To display a calender of the current month type 'cal',
it has options to display the year calender or to jump to a specefic month.
Date and time could be displayed by typing 'date',
if you don't like that format you could specify
any format you like by using + sign followed by the format you
like in a 'strftime' style refere to subsection 7.2.6 of section '7.2. Using standard C library (libc)'
(or date manul), for example "date '+%Y-%m-%d'" or with time "date '+%Y-%m-%d %I:%M:%S%p'".
Date could do complex time operations with '-d' option, for example to know the date
before some hours or after some days(seems simple, but take the case of the day before the first of January),
for example to display the date two days ago "date '+%Y-%m-%d' -d '-2 days'"
or after two days "date '+%Y-%m-%d' -d '+2 days'".
You could use '-s' to change the date and time, the default syntax
is 'date -s MMDDhhmmYYYY', for example
'date -s 072820452004' sets the date
to be 2004-07-28 and sets the time to be '20:45' (ie. '08:45pm'),
it could be more readable if you specify a custom format like
"date -s '2004-07-28 08:45:00pm' '+%Y-%m-%d %I:%M:%S%P'"

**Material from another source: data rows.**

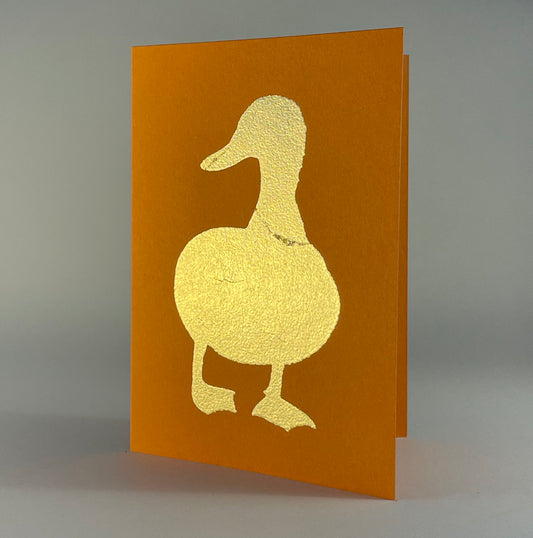 Bird 25 - Duck on Orange Fizz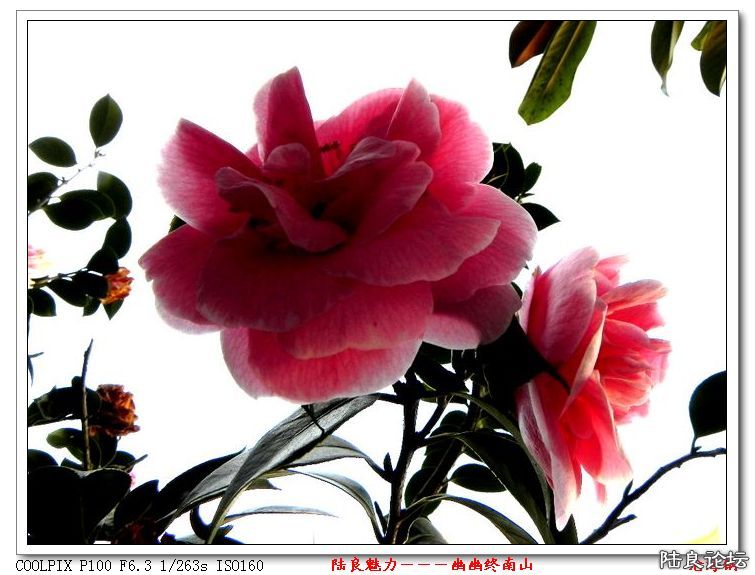 DSCN1634.jpg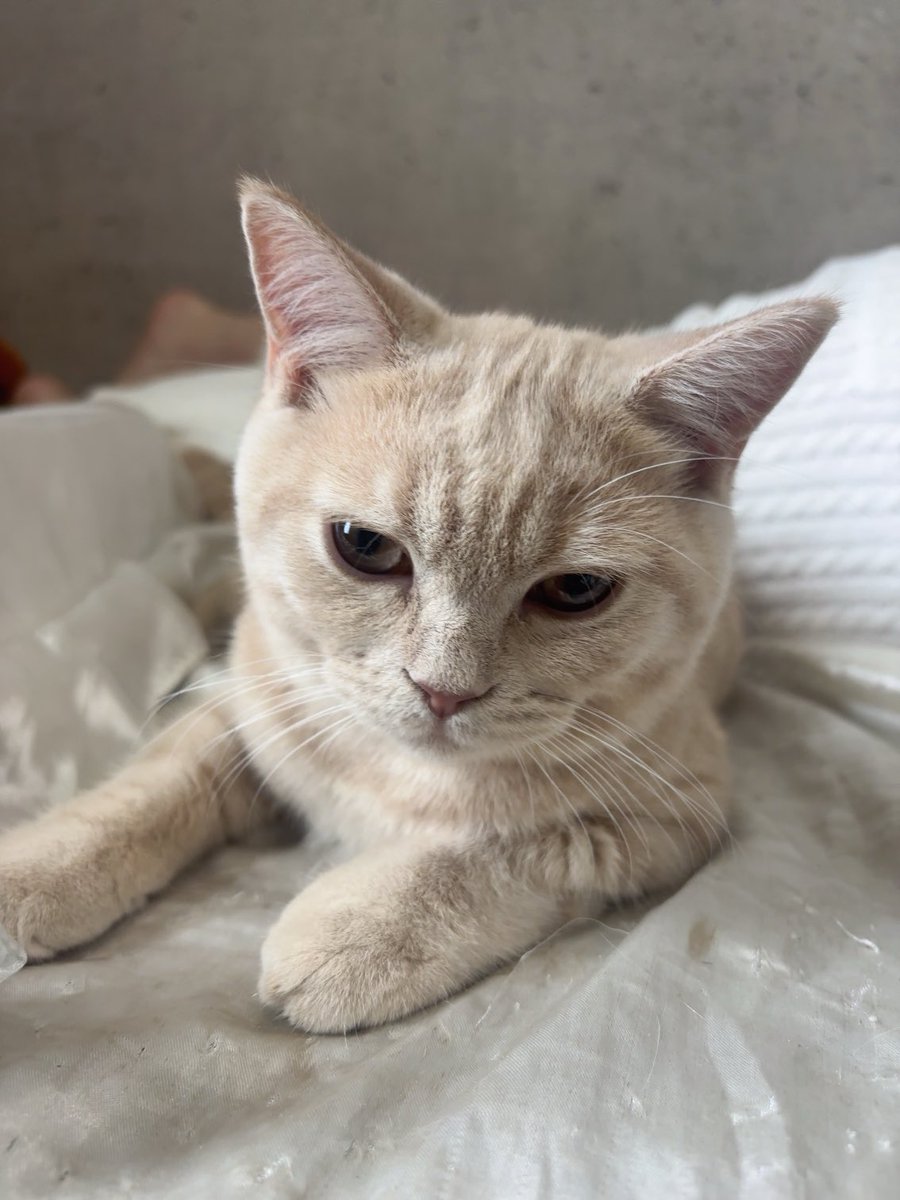 しろねこ (@whitecat134) / Posts / X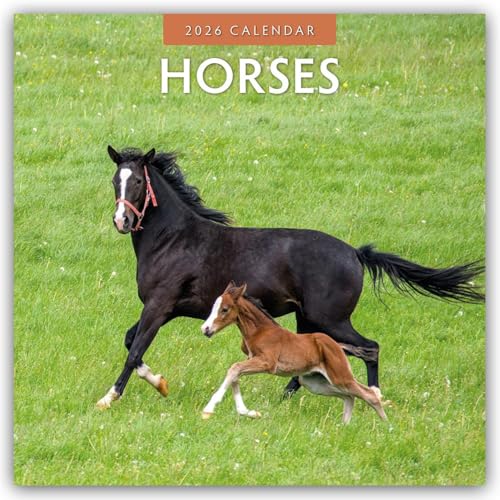 Horses 2026 Square Wall Calendar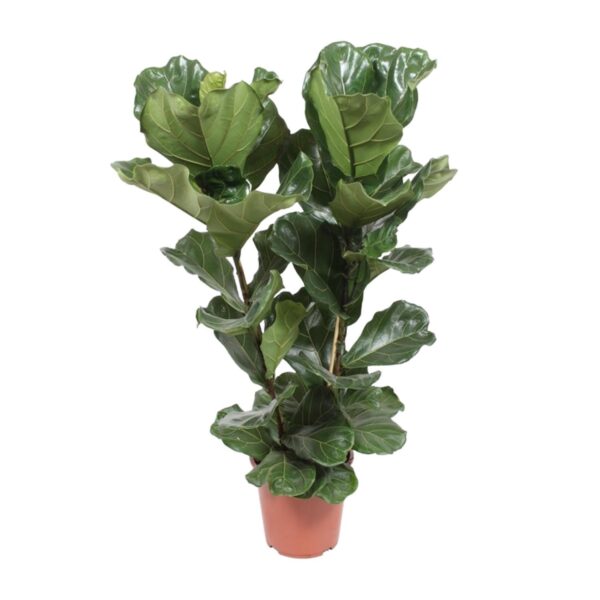 thumbnail_6000-990.jpg Ficus Lyrata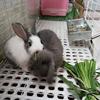凌玲柒（养兔达人）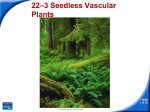 22–3 Seedless Vascular Plants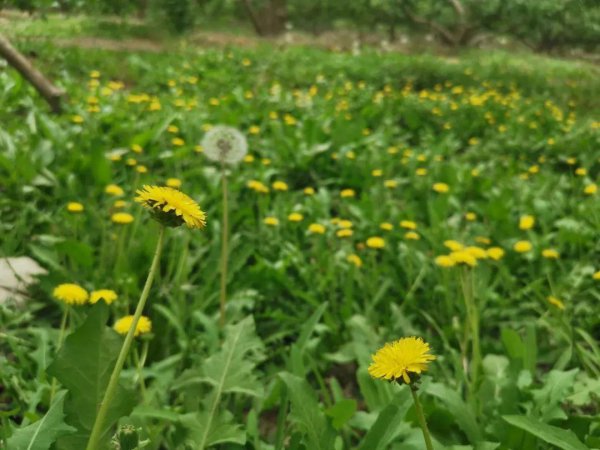 蒲公英的花是什么颜色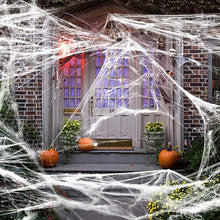 Load image into Gallery viewer, Halloween Artificial Spider Web
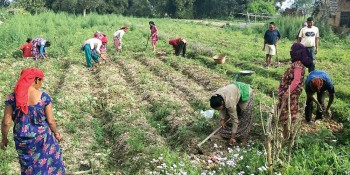 गण्डकी प्रदेशबाट म्याग्दीका किसानलाई दुई करोडभन्दा बढी अनुदान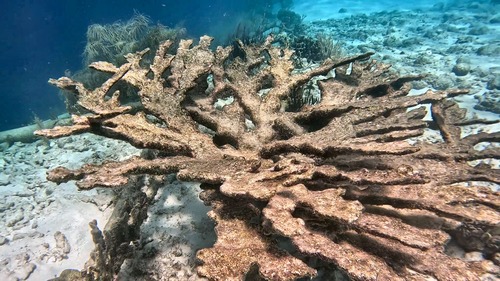 Acropora observed 2026-10-25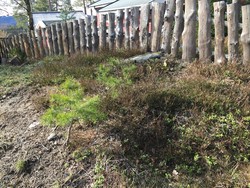 Haveråsen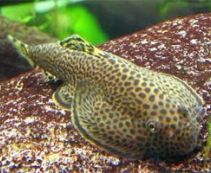 Бефортия купить 5-6см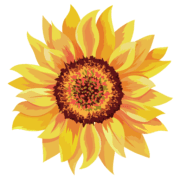 THRIVING COMMUNITIES CIC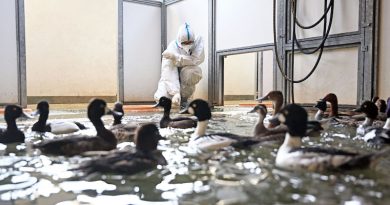 Negli ultimi due anni l’epidemia di influenza aviaria in Europa è stata la più grave mai osservata finora, dicono le autorità europee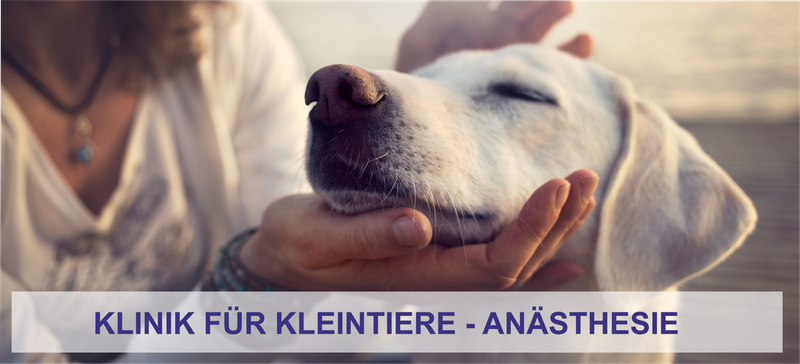Anästhesie der Klinik für Kleintiere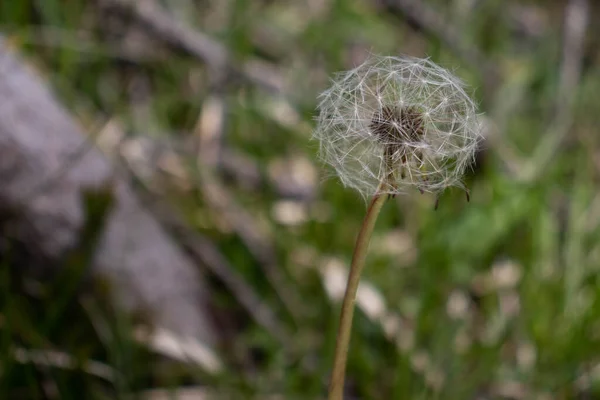 Sıradan bir karahindibanın (Taraxacum officinale) olgun meyvelerine yakın çekim. Bu bir Leontodon taraxacum ve meyveleri - tohumlar çok hassastır.
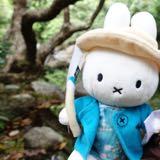 （分類：）位於 。 由 cccccmm 提交（商品編號 1372142309，圖片 1）。簡介： 。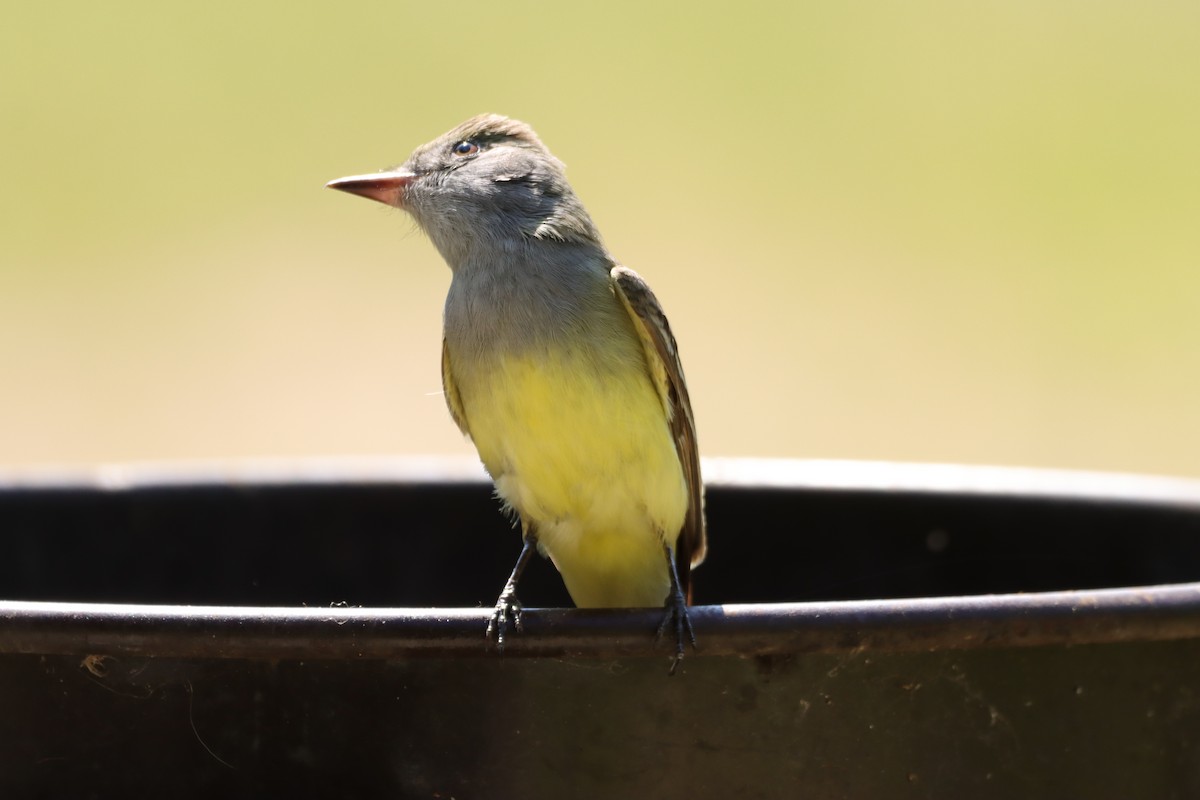 Great Crested Flycatcher - William Going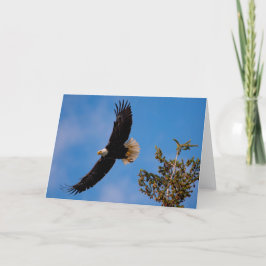 Bald Eagle Flight Danke Karte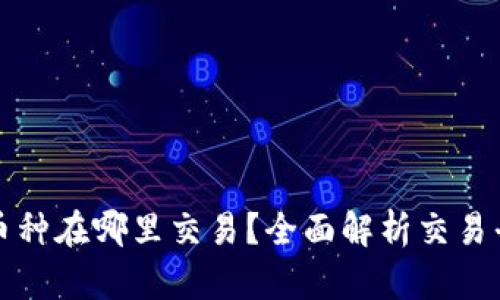 区块链的币种在哪里交易？全面解析交易平台与市场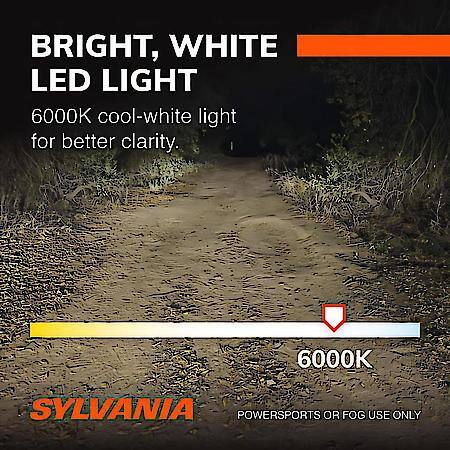 9145: LED Fog Light Bulb, 6000K Cool White Light, 2 Pack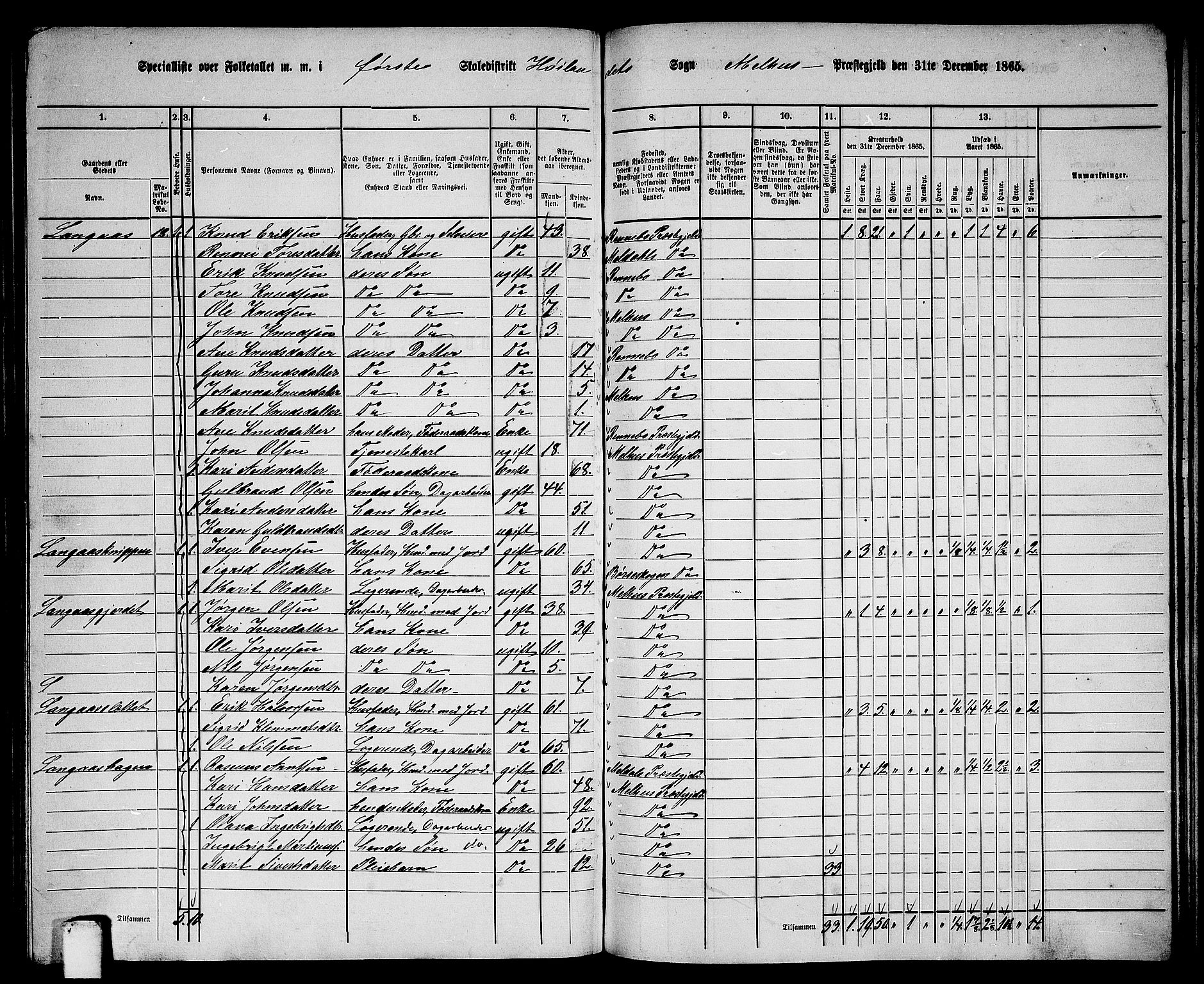 RA, 1865 census for Melhus, 1865, p. 168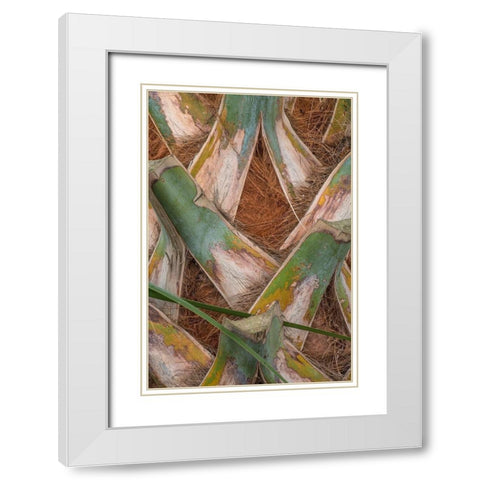 Palm Trunk Detail II White Modern Wood Framed Art Print with Double Matting by Head, Danny
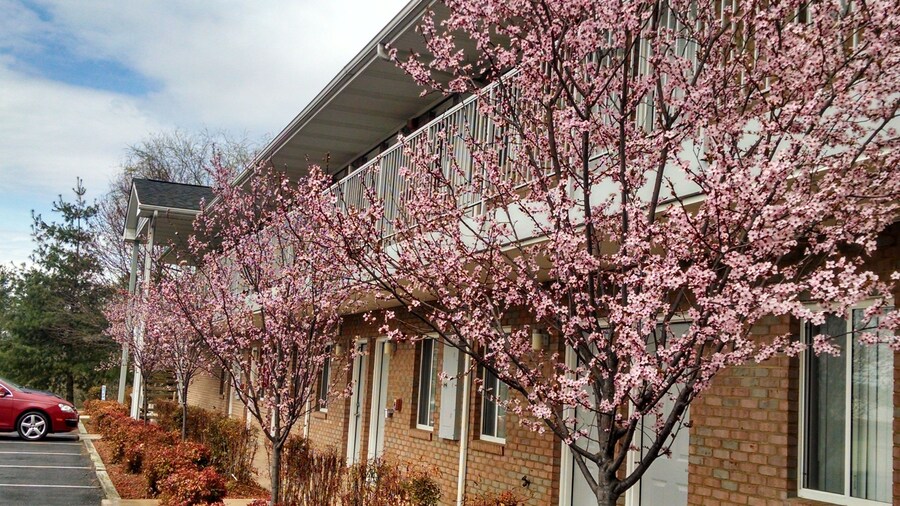 Affordable Corporate Suites Christiansburg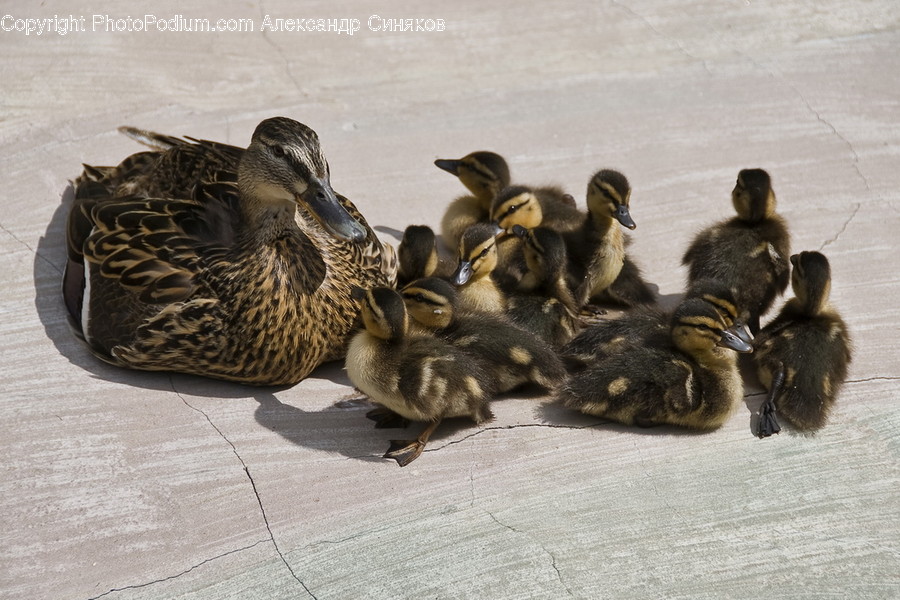 Animal, Bird, Waterfowl, Duck, Quail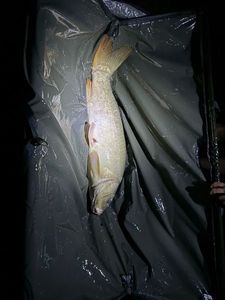 Mirror Carp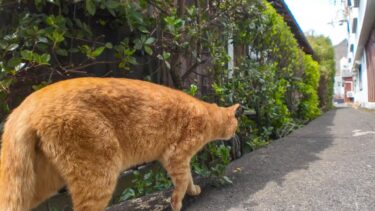 遠くから来るライバル猫に警戒する茶トラ猫、でも後ろからも別の猫に狙われていました【感動猫動画】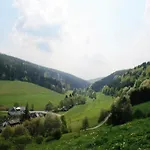 Large Holiday Home In Willingen With Private Garden And Several Terraces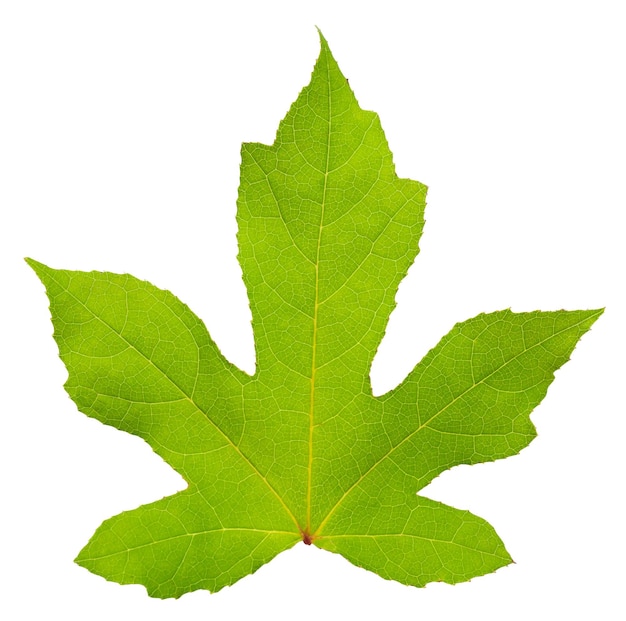 Green maple leaf isolated on white background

'uptime' tool displays some useful system statistics,
it displays the current time, followed by the uptime in seconds
(how long the system has been running, since last boot), number of
logged users and load averages for the past 1, 5, and 15 minutes,
the higher load average the more busy the system is.
Similarly 'cat /proc/loadavg' prints the same three load average percentages
followed by a ratio of number of non-sleeping processes to the number of all processes
and followed by the PID of last process, it could be something like '0.20 0.18 0.12 1/80 1120'.
'cat /proc/uptime' will display two times in seconds,
the first is the uptime and the other is the idle time (summation of all
times the system was doing nothing), the closer those numbers
the smother the system goes, you could calculate the ratio with
bash$ ( cat /proc/uptime; echo "2 k r / 100 * p q" ) | dc
91.05
if you don't run X it's almost 100! the difference between uptime
and idle time is the time (in seconds) in which the system was busy, you could use it
to calculate the overall load average (since boot):
bash$ ( cat /proc/uptime; echo "- p q" ) | dc
1052
bash$ ( cat /proc/uptime; echo "2 k r / 1 r - p q" ) | dc
0.12
To send a message that shows up in all terminal
(pseudo terminal VTs and real serial terminals)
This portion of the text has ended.